Naming & annotating steps

Rename the steps in Power Query so that they are self-describing (like the following example). Your future self will thank you when you revisit the project in six months. This is done by right-clicking the step and choosing Rename from the menu.

A new feature in Power Query displays a tooltip with annotations you add to the M script or the text you enter in the Description property of the step.

The names of each step are applied as variable names in the Power Query “M” language script. Variables that contain spaces or special characters are proceeded with # and are encapsulated with double quotes. The comments in the code I added with // prefixes result in the tooltip annotations I mentioned in the previous paragraph.

A recent suggestion from one of the blog readers is to use underscores rather than spaces in these step names. This allows you to double-click the variable name and copy it to the clipboard.

Consolidating steps

Building queries using linear steps helps break-down complicated logic but it can become inefficient as the project evolves. In the course of query design, you are likely to repeat steps like those in the second example below where I removed three different columns after using them in other steps. I also changed the data type each time I created a custom or duplicated column.

If you select an existing step and then perform the same action on a different column or columns, Power Query will add the new transformation to the selected step. In the query on the left, I consolidated all these steps, removing columns and changing data types only once.

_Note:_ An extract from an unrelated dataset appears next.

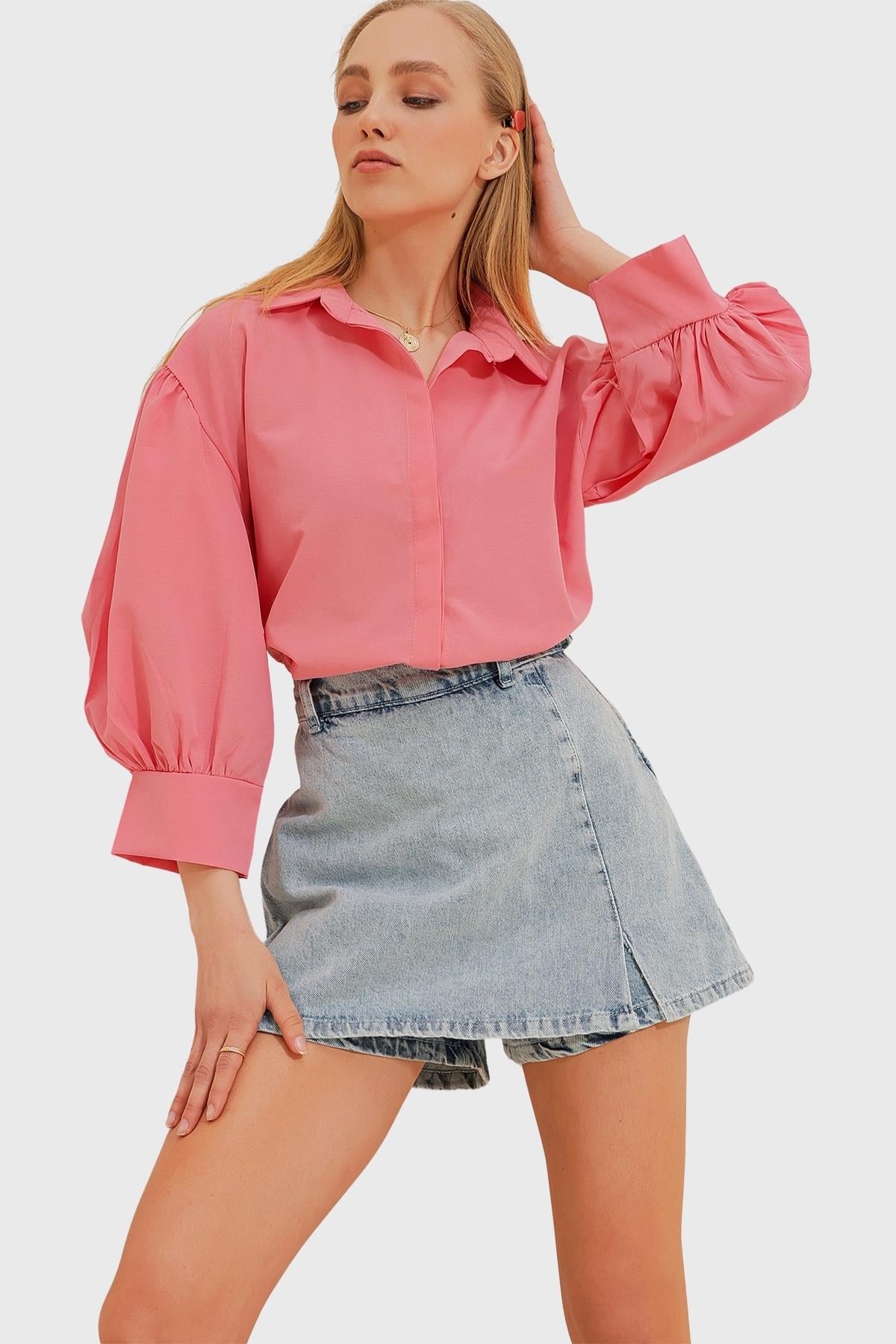 Balon Kol Gizli Patlı Basic Poplin Gömlek - Pembe
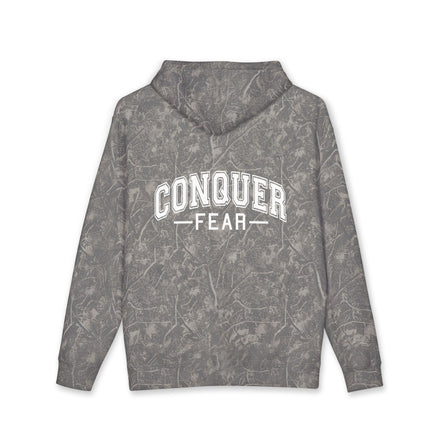 Unisex Hoodie — Conquer Fear Graphic Hooded Sweatshirt (Motivational Pullover)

The optimized query on the left runs in about one-third the time is the original query on the right.

Power Query Best Practice Guidelines

Here is a summary of best practice recommendations:

Set EVERY column to the right data type. Watch for untyped columns with “ABC123” in the column heading.
Rename all columns that won’t be hidden in data model (keys and sort columns are OK).
Consolidate redundant steps.
Rename steps to document transformations.
Perform row-level calculations in Power Query instead of DAX calculated columns.
Use database views & avoid SQL statements so Power Query can implement query folding.
Use parameters & range filters to reduce working set for development, reduce PBIX file size, speed up desktop refresh and reduce time to publish dataset.
Use date range parameters in service to expand dataset size during data refresh & optionally implement incremental refresh.